Öyleki sabit ücretin karşılığı konuşma verilmiyormuş. şimdi e-fatura kullanın 10 dk. beleş diye reklam yapıyorlar. ulan o zaten vatandaşın hakkı. sen kimin parasını kime hediye ediyorsun.
quiknet' in hizmete girmesinden sonra adsl hizmeti boku yiyecek olan şirkettir. acil kampanya bekliyoruz. ama geç kaldı quinet e başvurdum. telekom' a hayır.
yazdım, yine yazıyorum. yine yazacağım. kardeşim interneti pahalı satıyorsunuz bize. "daha dün yurtdışından arkadaş aradı. "bu ne mına kyym, sizin aylık verdiğiniz paranın az üstüne biz yıllık üye oluyoruz, kablolu tv.de hediyesi" dedi.
sevgili telekom yetkilileri ne inatçıymışsınız 29 ytl kotalı ücretini düşürmemekte. pes vallahi pes.....
galatasaray'ı eleyerek yarı finalde beşiktaşla eşleşmiş basketbol takımıdır. seriye 1-0 önde başlıcak olmasının avantajını da kullanıp finale cıkacağını düşünüyorum.

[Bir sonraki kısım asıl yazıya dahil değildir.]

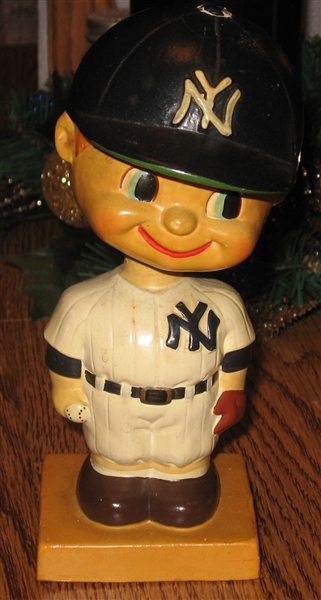 1960s New York Yankees Bobblehead Nodder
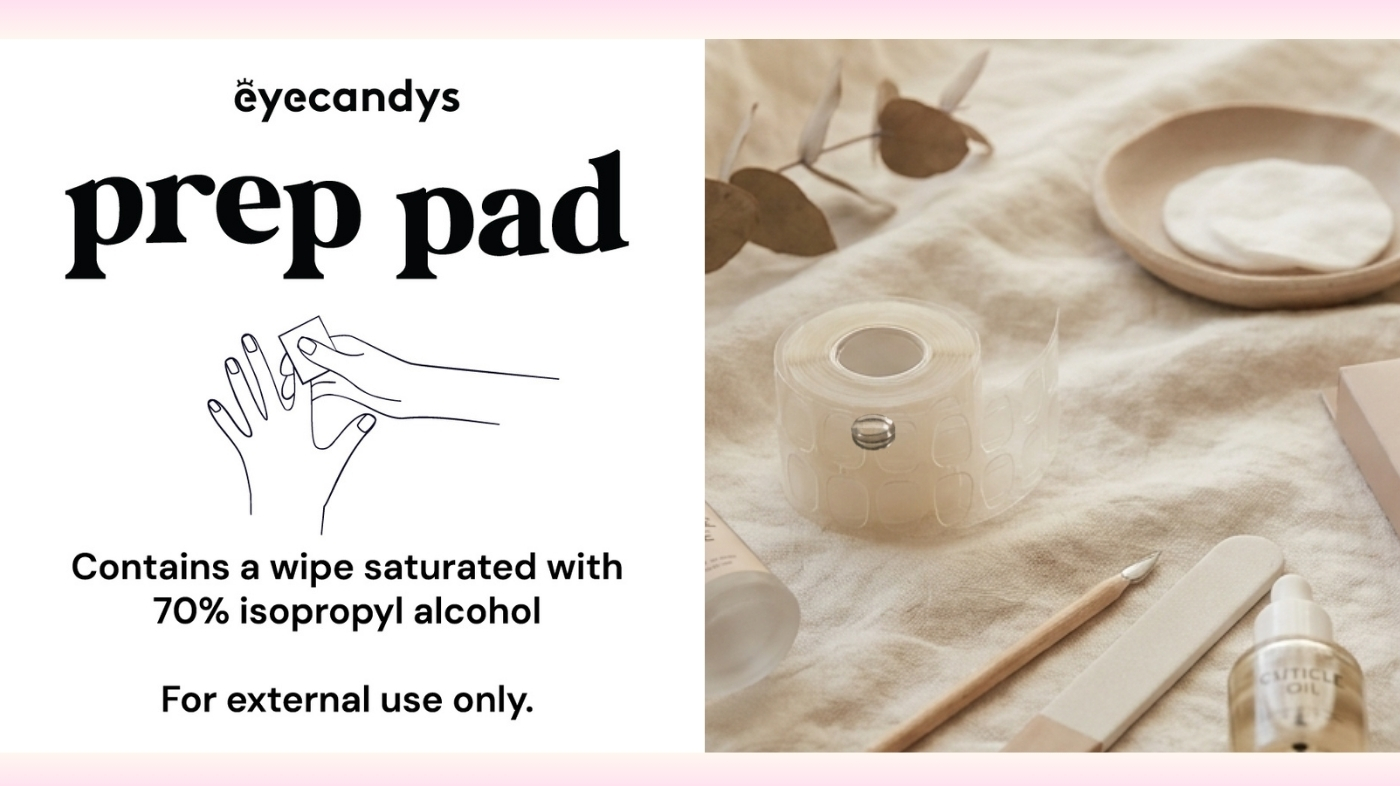 Editorial visual for the section: Prep Your Natural Nails Carefully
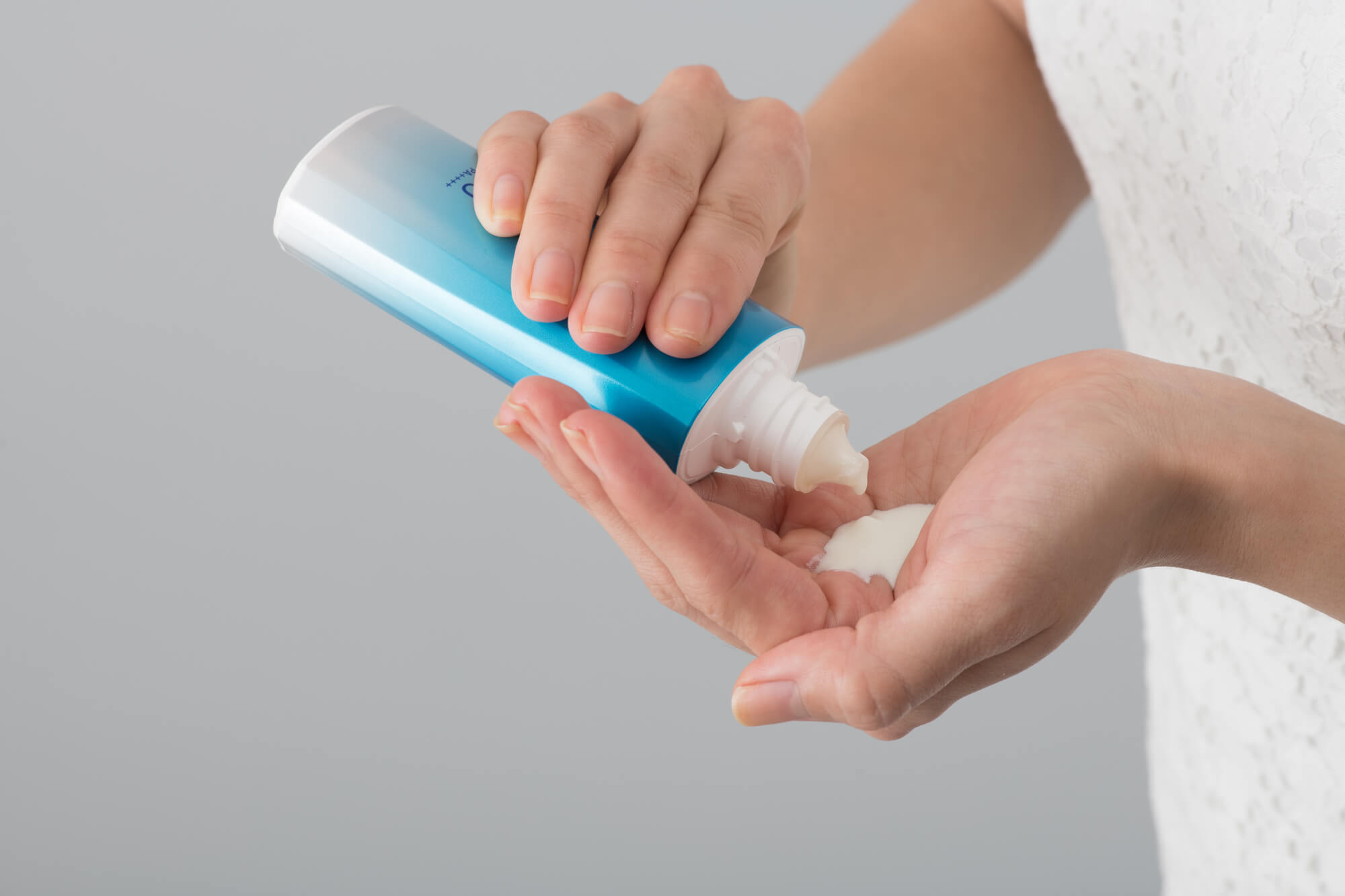 日焼け止めの使用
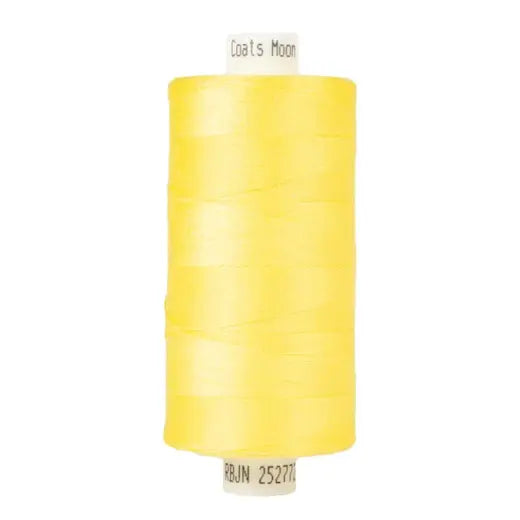 Coats Moon 120 Sewing Thread – 1,000 Yards (914m) - Multiple Colours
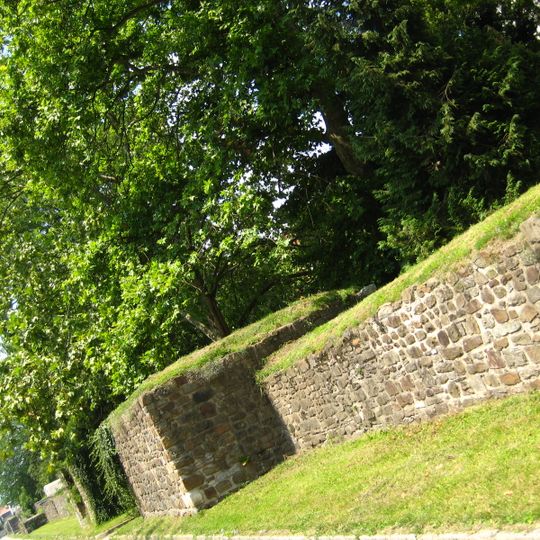 Roman walls in Mirje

(bkz: türk telekom ankara)
sözlük yazarlarının acımasızca ve bilinçsize eleştirdiği,detaylar hakkında hiçbir fikri olmadan sadece kendilerine denk gelen bir hatadan yola çıkarak bağrılıp çağrılma kaderi haline gelen şirkettir.altyapısı ile tüm bankaların, hastanelerin, askeriyenin, devlet kurumlarının ve 20 milyon abonenin iletişmini sağlayan dev kuruluştur. yaptığı sosyal yardım projeleri ile turkcelli en az 10 katlayan ama turkcell in ondabiri kadar reklam yapmayan bir şirkettir.
tek suçu çok ucuza lübnanlıların eline geçmesi olmuştur ki bu da kurumun suçu değildir.